Most who read this blog will understand what the term “Four Color Process” means. This essential staple in the printing process is how a printing press uses a few base colors to create almost all colors imaginable. Four Color Process involves the utilization of 4 ink colors – Cyan, Magenta, Yellow and Black. Better known as CMYK.
The CMYK color model (process color, four color) is a subtractive color model, used in color printing, and is also used to describe the printing process itself. CMYK refers to the four inks used in some color printing: cyan, magenta, yellow, and key(black). Though it varies by print house, press operator, press manufacturer, and press run, ink is typically applied in the order of the abbreviation.
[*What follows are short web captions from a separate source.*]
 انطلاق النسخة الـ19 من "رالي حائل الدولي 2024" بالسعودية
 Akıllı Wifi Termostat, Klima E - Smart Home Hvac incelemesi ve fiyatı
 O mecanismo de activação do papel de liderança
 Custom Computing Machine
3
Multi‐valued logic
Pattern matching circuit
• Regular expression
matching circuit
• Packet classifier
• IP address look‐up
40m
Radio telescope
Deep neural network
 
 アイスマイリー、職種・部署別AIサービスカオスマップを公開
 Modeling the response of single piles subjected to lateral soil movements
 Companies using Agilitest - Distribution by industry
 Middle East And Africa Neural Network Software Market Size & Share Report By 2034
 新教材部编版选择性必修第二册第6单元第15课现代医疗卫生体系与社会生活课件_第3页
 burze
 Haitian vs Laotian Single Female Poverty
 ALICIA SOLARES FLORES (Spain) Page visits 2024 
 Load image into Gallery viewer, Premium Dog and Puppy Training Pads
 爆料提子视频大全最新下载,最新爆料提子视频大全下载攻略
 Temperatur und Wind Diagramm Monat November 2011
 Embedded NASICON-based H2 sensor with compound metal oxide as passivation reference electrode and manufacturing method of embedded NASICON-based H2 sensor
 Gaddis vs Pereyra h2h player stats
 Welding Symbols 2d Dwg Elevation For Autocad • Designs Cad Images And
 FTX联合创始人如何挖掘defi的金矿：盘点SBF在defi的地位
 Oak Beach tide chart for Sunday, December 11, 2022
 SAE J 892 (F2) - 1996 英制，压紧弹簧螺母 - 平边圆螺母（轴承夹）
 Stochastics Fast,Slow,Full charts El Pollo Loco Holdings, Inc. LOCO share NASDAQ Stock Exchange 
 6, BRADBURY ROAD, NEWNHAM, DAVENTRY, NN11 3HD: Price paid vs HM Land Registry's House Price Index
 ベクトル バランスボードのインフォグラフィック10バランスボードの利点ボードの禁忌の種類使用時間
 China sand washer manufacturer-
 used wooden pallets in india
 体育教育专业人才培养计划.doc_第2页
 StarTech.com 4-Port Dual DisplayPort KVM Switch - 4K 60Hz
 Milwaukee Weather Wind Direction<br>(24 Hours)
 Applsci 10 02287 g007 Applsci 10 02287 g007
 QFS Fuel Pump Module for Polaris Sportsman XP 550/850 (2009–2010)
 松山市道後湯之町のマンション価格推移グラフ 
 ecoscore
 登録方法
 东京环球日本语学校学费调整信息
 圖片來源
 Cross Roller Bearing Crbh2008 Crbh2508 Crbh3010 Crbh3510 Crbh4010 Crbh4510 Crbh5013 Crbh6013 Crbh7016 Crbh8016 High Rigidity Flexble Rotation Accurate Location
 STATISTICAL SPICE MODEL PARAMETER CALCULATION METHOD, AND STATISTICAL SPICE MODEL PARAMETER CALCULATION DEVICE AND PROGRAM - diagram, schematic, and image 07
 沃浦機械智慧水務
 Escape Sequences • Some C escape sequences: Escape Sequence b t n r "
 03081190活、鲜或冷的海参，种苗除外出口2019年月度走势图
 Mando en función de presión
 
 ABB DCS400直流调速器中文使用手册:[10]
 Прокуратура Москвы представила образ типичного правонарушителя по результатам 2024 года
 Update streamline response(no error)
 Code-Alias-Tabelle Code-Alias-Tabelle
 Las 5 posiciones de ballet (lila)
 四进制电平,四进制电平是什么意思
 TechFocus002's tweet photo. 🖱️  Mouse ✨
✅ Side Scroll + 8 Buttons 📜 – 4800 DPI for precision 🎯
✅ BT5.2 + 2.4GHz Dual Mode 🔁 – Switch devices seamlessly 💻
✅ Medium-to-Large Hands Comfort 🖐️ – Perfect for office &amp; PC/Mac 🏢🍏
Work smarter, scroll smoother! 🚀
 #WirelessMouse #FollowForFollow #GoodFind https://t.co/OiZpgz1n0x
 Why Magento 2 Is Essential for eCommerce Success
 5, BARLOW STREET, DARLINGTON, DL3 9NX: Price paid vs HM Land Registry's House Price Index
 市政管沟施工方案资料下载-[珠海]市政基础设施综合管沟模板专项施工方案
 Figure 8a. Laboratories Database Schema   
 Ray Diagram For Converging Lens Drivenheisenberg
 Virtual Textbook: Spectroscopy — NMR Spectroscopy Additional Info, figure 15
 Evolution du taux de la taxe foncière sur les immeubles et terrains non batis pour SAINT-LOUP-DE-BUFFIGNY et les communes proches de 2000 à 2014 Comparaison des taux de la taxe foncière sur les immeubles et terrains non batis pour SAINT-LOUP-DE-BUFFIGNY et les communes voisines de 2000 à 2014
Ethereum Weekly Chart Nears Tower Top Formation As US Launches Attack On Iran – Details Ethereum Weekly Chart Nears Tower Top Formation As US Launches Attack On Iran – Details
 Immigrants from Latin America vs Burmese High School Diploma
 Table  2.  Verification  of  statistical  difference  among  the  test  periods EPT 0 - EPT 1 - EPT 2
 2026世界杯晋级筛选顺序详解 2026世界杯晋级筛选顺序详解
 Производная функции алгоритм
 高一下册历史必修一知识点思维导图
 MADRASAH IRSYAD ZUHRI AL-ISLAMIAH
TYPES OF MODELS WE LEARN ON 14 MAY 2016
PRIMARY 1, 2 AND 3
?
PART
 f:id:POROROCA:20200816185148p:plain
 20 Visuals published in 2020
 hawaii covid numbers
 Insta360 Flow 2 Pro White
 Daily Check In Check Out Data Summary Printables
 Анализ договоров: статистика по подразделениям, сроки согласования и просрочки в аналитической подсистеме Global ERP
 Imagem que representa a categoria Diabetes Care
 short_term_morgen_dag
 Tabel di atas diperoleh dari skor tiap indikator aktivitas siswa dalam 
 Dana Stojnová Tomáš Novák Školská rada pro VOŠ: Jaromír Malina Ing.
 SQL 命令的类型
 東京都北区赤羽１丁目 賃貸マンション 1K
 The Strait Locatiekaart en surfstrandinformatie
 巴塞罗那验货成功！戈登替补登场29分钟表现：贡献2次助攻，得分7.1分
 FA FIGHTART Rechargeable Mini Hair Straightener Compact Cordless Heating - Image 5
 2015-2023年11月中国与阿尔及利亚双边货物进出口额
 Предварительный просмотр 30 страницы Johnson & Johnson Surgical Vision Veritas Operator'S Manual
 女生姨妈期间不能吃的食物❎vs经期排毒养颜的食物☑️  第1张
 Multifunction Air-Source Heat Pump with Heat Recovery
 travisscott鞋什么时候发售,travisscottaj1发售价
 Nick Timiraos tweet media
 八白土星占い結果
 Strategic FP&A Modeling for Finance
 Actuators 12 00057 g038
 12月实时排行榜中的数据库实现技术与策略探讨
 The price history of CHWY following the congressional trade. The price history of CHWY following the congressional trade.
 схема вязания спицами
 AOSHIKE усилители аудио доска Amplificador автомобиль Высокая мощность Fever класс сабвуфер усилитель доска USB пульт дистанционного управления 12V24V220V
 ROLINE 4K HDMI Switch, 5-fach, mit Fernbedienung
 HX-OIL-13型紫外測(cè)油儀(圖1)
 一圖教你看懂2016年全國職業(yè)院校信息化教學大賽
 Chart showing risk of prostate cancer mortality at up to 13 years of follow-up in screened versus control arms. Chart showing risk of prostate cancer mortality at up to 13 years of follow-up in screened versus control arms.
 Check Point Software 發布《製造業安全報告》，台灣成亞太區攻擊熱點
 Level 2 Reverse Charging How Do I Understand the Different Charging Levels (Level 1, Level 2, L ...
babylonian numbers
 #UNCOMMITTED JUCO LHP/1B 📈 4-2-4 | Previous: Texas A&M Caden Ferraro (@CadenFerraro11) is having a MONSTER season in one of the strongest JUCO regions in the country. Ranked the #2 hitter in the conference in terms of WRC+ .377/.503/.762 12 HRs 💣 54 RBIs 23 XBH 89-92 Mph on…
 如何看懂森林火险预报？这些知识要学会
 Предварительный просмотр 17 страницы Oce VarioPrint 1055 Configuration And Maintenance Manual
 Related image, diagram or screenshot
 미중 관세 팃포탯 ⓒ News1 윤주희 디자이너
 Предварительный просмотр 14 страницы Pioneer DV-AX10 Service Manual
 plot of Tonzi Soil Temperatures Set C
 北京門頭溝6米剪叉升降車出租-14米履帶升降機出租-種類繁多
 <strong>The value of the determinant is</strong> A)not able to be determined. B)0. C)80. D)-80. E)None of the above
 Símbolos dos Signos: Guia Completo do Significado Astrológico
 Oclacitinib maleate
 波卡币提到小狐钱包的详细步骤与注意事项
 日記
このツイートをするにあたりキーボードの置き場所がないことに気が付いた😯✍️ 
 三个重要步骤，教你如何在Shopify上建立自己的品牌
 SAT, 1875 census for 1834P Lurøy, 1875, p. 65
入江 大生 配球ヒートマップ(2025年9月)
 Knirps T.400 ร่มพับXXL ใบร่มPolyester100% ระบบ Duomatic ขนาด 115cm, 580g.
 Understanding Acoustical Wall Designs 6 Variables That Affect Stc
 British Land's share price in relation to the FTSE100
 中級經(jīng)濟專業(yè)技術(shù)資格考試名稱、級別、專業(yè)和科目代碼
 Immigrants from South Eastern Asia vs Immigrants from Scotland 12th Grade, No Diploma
The “K” in CMYK stands for key because in four-color printing, cyan, magenta, and yellow printing plates are carefully keyed,or aligned, with the key of the black key plate. Some sources suggest that the “K” in CMYK comes from the last letter in “black” and was chosen because B already means blue. However, this explanation, although useful as a mnemonic, is incorrect. K is used as “Key”, which was possibly chosen because black is often used as outline.
The CMYK model works by partially or entirely masking colors on a lighter, usually white, background. The ink reduces the light that would otherwise be reflected. Such a model is called subtractive because inks “subtract” brightness from white.
Once you see this process in action, it all makes much clearer sense. 4 images each printed in C,M,Y and K are laid on top of each other to create the final image
Now the fun part. Do you have a magnifying glass in your desk? Or a printing Loupe? During your lunch break today take a good look at the print around you. The packaging your lunch came in, the ink on your printed lunch box, the poster on the wall in the lunchroom, it all most likely contains 4 color process.